Retype all of the listing exactly, passing over any picture you find.

_ _ _ _ _

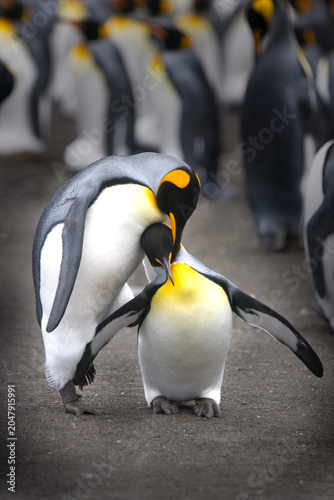 King Penguins on South Georgia Island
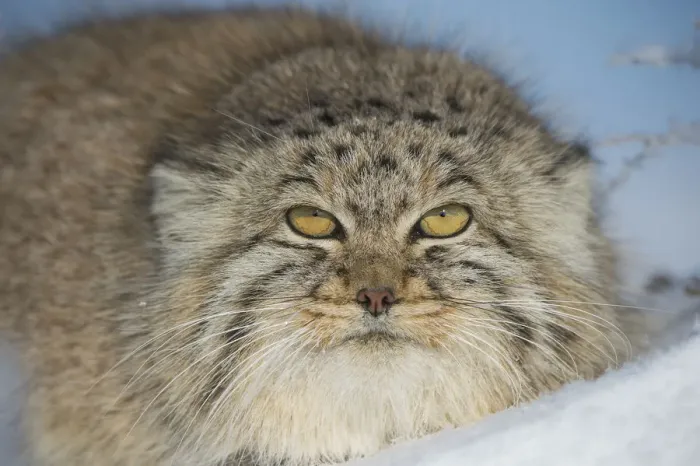 Framed Print : Pallass cat (Otocolobus manul) in snow, Gobi Desert, Mongolia. December Framed Print : Pallass cat (Otocolobus manul) in snow, Gobi Desert, Mongolia. December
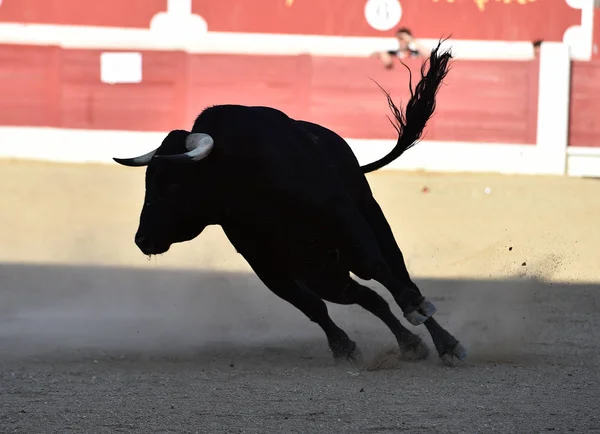 Touro Espanhol Tournée Com Chifres Grandes — Fotografia de Stock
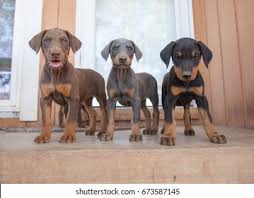 Best Doberman Breeders in Massachusetts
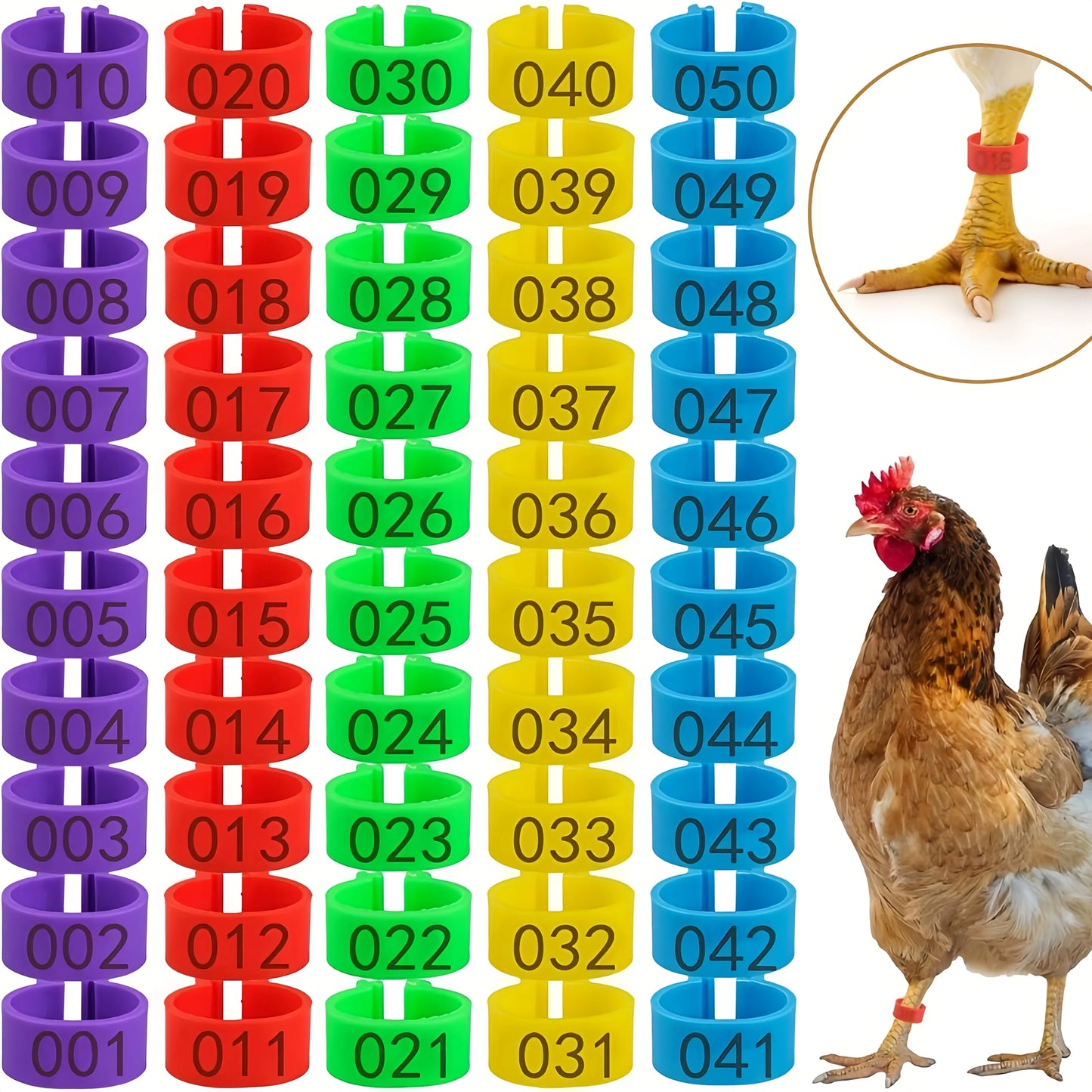 Farm Tag Rings, Chicken Leg Bands with Number Identification Hens Roosters, Poultry Foot Tags Breeding Chickens, Ducks, Geese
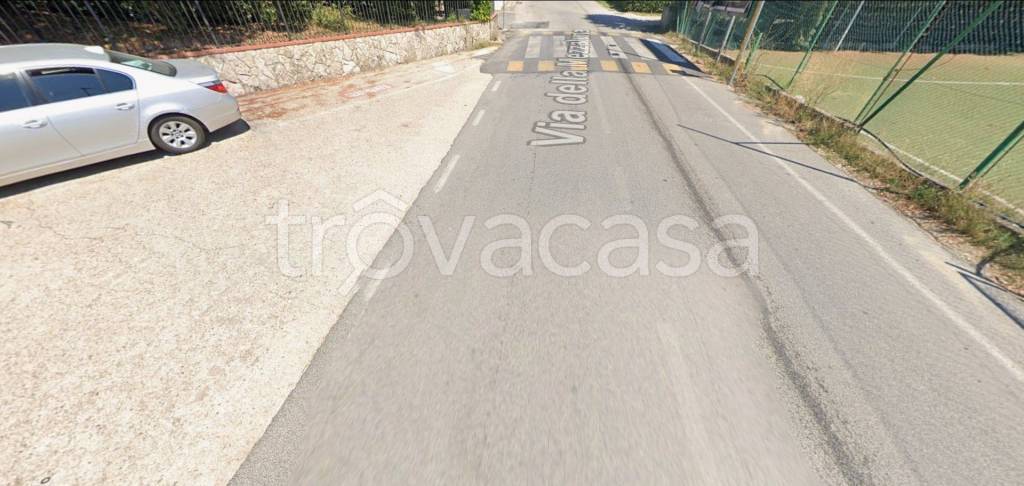 immagine annuncio 7 di 12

_ _ _ _ _

Exercise answer:
 King Penguins on South Georgia Island
 Framed Print : Pallass cat (Otocolobus manul) in snow, Gobi Desert, Mongolia. December Framed Print : Pallass cat (Otocolobus manul) in snow, Gobi Desert, Mongolia. December
 Touro Espanhol Tournée Com Chifres Grandes — Fotografia de Stock
 Best Doberman Breeders in Massachusetts
 Farm Tag Rings, Chicken Leg Bands with Number Identification Hens Roosters, Poultry Foot Tags Breeding Chickens, Ducks, Geese
 immagine annuncio 7 di 12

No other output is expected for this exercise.